(Exercise instructions)
With no line left out, restate the data word for word.
Records Start Marker
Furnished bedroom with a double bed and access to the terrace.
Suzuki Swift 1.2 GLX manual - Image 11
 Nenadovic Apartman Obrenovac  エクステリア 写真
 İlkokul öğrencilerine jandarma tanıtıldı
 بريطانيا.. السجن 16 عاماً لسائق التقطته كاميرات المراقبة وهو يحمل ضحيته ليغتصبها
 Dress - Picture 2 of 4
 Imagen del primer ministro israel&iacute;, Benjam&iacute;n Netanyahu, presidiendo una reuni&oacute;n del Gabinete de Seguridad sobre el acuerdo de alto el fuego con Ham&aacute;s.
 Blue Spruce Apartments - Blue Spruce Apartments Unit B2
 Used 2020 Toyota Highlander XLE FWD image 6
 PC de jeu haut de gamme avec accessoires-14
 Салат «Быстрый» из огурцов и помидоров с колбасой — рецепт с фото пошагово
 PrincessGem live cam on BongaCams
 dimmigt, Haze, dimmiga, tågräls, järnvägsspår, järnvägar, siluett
Records End Marker
(Task solution)
Furnished bedroom with a double bed and access to the terrace.
Suzuki Swift 1.2 GLX manual - Image 11
 Nenadovic Apartman Obrenovac  エクステリア 写真
 İlkokul öğrencilerine jandarma tanıtıldı
 بريطانيا.. السجن 16 عاماً لسائق التقطته كاميرات المراقبة وهو يحمل ضحيته ليغتصبها
 Dress - Picture 2 of 4
 Imagen del primer ministro israel&iacute;, Benjam&iacute;n Netanyahu, presidiendo una reuni&oacute;n del Gabinete de Seguridad sobre el acuerdo de alto el fuego con Ham&aacute;s.
 Blue Spruce Apartments - Blue Spruce Apartments Unit B2
 Used 2020 Toyota Highlander XLE FWD image 6
 PC de jeu haut de gamme avec accessoires-14
 Салат «Быстрый» из огурцов и помидоров с колбасой — рецепт с фото пошагово
 PrincessGem live cam on BongaCams
 dimmigt, Haze, dimmiga, tågräls, järnvägsspår, järnvägar, siluett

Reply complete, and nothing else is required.